== Segment start ==

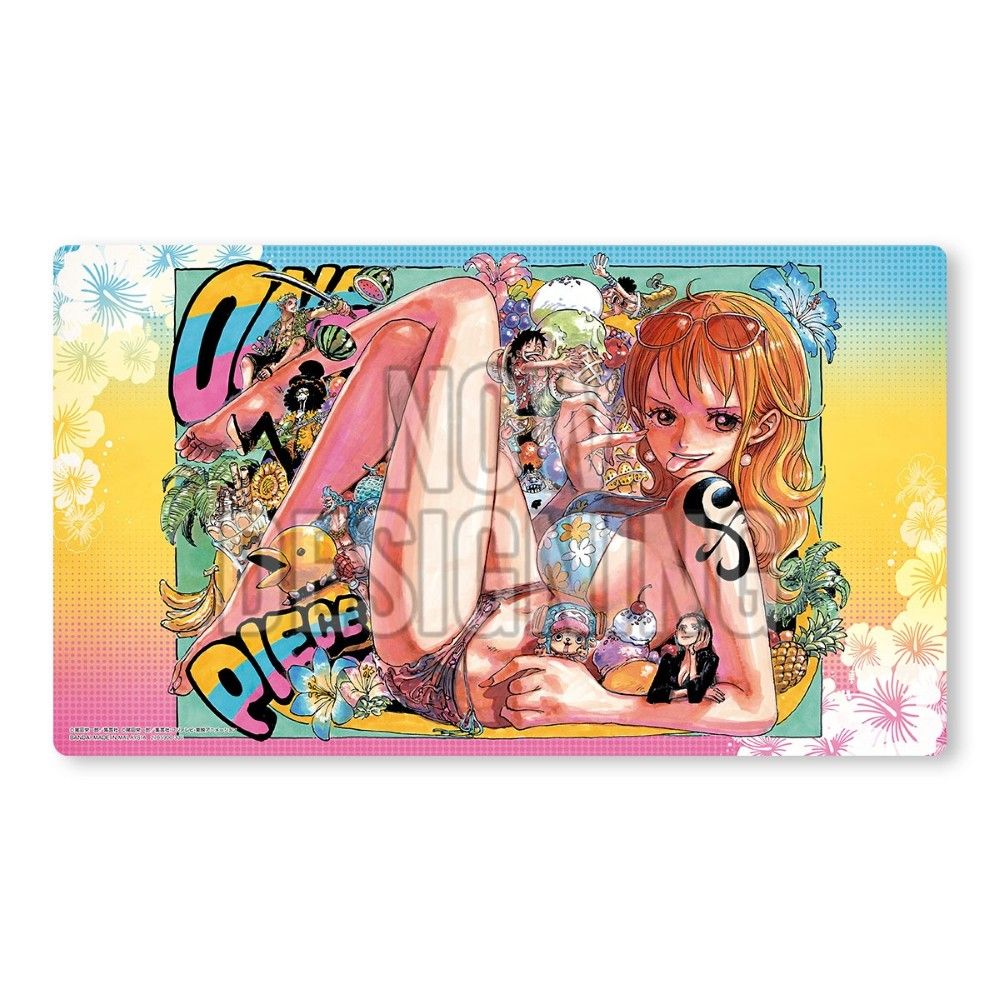 One Piece Card Game: Official Playmat Limited Edition Vol 3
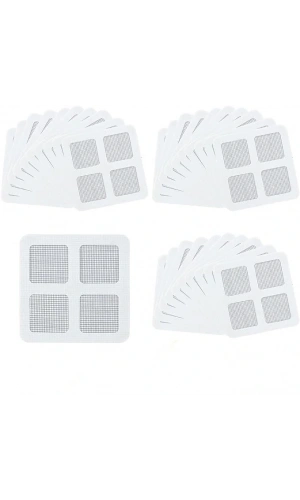 Bidebuvar Tül Sineklik Yaması 40 Adet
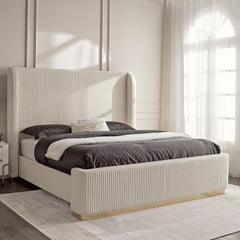 Single Bed Frame with Storage - Neo Stow Bed Frame 2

== Segment end ==

→ **ABOUT THIS EXERCISE**
Copy the listing above in full and exactly, but omit each picture that it holds.

→ **EXERCISE ANSWER**
 One Piece Card Game: Official Playmat Limited Edition Vol 3
 Bidebuvar Tül Sineklik Yaması 40 Adet
 Single Bed Frame with Storage - Neo Stow Bed Frame 2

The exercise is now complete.